Last Updated April 5, 2024 3:59 PM
James Morales
Last Updated April 5, 2024 3:59 PM

Key Takeaways

  • NASA and other space agencies are planning a number of lunar missions in the coming years.
  • This poses the challenge of keeping time on the moon.
  • The White House has directed the space agency to develop a way of standardizing lunar time.

Have you ever wondered what time it is on the moon? Until now, the lunar body hasn’t had its own time zone. But the White House has directed NASA to assign it one.

In a memorandum  issued on Tuesday, April 2, the Office of the President’s Science and Technology Policy department asked Federal agencies to coordinate on standardizing the measurement of time on celestial bodies, with an initial focus on the lunar surface.

Coordinated Lunar Time

With space exploration programs preparing to launch a string of lunar missions in the coming years, the fragmented state of contemporary extraterrestrial timekeeping is of growing concern.

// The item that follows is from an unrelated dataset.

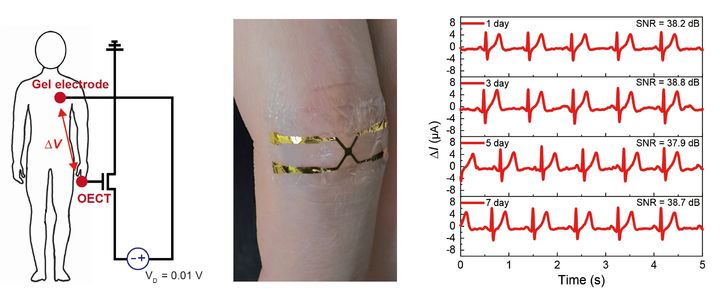 [수원=뉴시스] 피부 부착형 장치를 손가락에 부착하기 위한 심전도 신호 개략도(제일 왼쪽)와 실제로 손가락 관절 부분에 부착해 7일 동안 심전도 신호를 측정한 데이터(가운데 및 오른쪽). 연구팀이 구현한 초박형 센서는 피부에 밀착돼 생체신호 추출의 정확성을 높이며 안정성도 높다. (사진=아주대 제공) 2025.07.02. photo@newsis.com *재판매 및 DB 금지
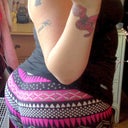 3 months post BBL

At the moment, different space agencies keep time according to the time zone in which their respective control stations are based, all of which are synced with Universal Coordinated Time (UTC).

While this approach has been sufficient for near-Earth missions, the lunar environment poses a different challenge.

Overcoming Relativity

Due to the difference in gravitational force compared to Earth, time moves faster on the moon, gaining about 58.7 microseconds per day.

In the context of navigation systems that require precise timekeeping, syncing everything to Earth time doesn’t make sense.

Beyond operational challenges, the White House Memorandum noted that the direct use of UTC for lunar missions would have cascading effects on scientific experiments that need extremely accurate measurements.

On Earth, scientific measurements are based on the International System of Units (SI). Relations between different SI units are all understood in terms of the SI definition of time. However, due to relativity, introducing faster lunar time units alongside Earth-equivalent measurements of space and force could introduce all kinds of errors.

Requirement for Lunar Timezone

The White House stated that Coordinated Lunar Time (LTC) should be established as the universal standard for lunar operations.

It must maintain “traceability” with UTC, but given the challenge posed by relativistic effects, a simple mapping won’t suffice.

“Just as Terrestrial Time is set through an ensemble of atomic clocks on Earth, an ensemble of clocks on the Moon might set Lunar Time,” the document states. “This operational time standard, LTC, may directly employ or distribute the UTC offsets required to maintain both local time and UTC time within specific tolerances.”

Following the latest order, NASA must now work with other Federal agencies to implement lunar timing standardization no later than the end of 2026.